Living Buddhism

Joyfully Contributing in This Crucial Year of Hope & Victory


This month marks the beginning of our annual May Commemorative Contribution activity. Living Buddhism spoke with Naoko Leslie, SGI-USA women’s leader, and Kevin Moncrief, SGI-USA men’s leader, about how they are challenging themselves in this crucial Year of Hope and Victory.

Kevin Moncrief: Hi, Naoko. Congratulations on the success of the women’s gatherings in February! I’ve been hearing all kinds of joyful things about the meetings themselves as well as the many efforts to “plant seeds” of the Mystic Law in people’s lives. What a wonderful way to start 2021!

Naoko Leslie: Thank you, Kevin, for the support of all the men of the SGI-USA behind the scenes at the online meetings, as well as for inviting their friends and families as guests!

Kevin: Our pleasure. I’m already looking forward to the May Commemorative Contribution period for 2021. With the significance of May 3 for kosen-rufu and the beautiful weather that time of year, I always feel like it’s a kind of “Soka New Year” celebration! At the same time, it’s a reality that 2020 was such a challenging year, financially and in terms of the turmoil in society, for our members.

Naoko: I feel exactly the same way. But 2021 must be the Year of Hope and Victory! The departure point toward 2030—the first year of a decade that Ikeda Sensei has termed crucial for all humanity.

One of my favorite passages from The New Human Revolution is from Sensei’s encouragement to the members in America:

This Buddhism has the power to transform your suffering into happiness, to change the tears you have shed into glittering jewels of good fortune. Those who have wept the most bitterly have the right to become the happiest people of all. (The New Human Revolution, vol. 1, revised edition, p. 207)

Isn’t this wonderful?

Kevin: Yes, it is. I’m determined that every member of the SGI-USA will experience this as a reality in 2021 and beyond.

For the Sake of the Future

Naoko: Speaking one-to-one with many women from diverse backgrounds last year, I heard and felt their deep concern about the future—above all about how we can protect and nurture the next generation of youth, and the generations beyond that.

Kevin: Sensei talks about how important it is to raise our children in the “garden of the Soka Gakkai.” Our financial contributions will cultivate and grow that garden for years and decades to come.
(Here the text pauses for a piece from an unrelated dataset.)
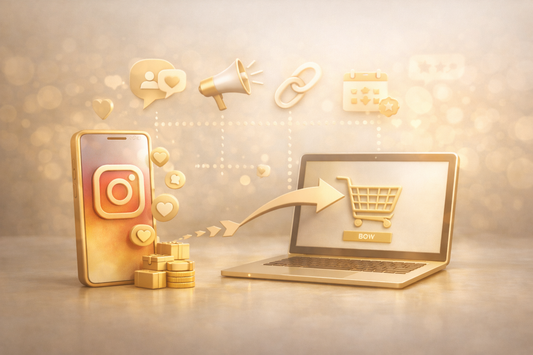 Instagram’dan Web Sitesine Müşteri Çekmenin 5 Etkili Yolu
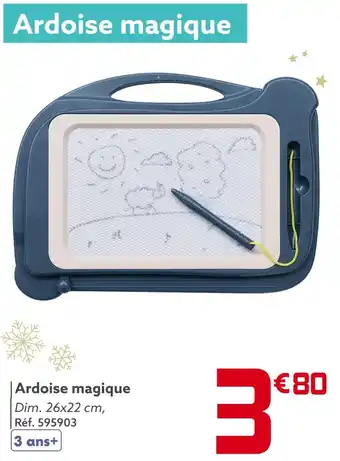 Ardoise magique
Therefore, they have a profound meaning.

Appreciation

Kevin: In my 36 years of practice, I’ve overcome a life-threatening illness that put me in a coma for days and a too-lengthy bout with unemployment during the recession in 2008.

Having struggled greatly with racial discrimination that’s still too prevalent in our society, I was also able to find an identity deeply rooted in my mission for kosen-rufu as a Bodhisattva of the Earth.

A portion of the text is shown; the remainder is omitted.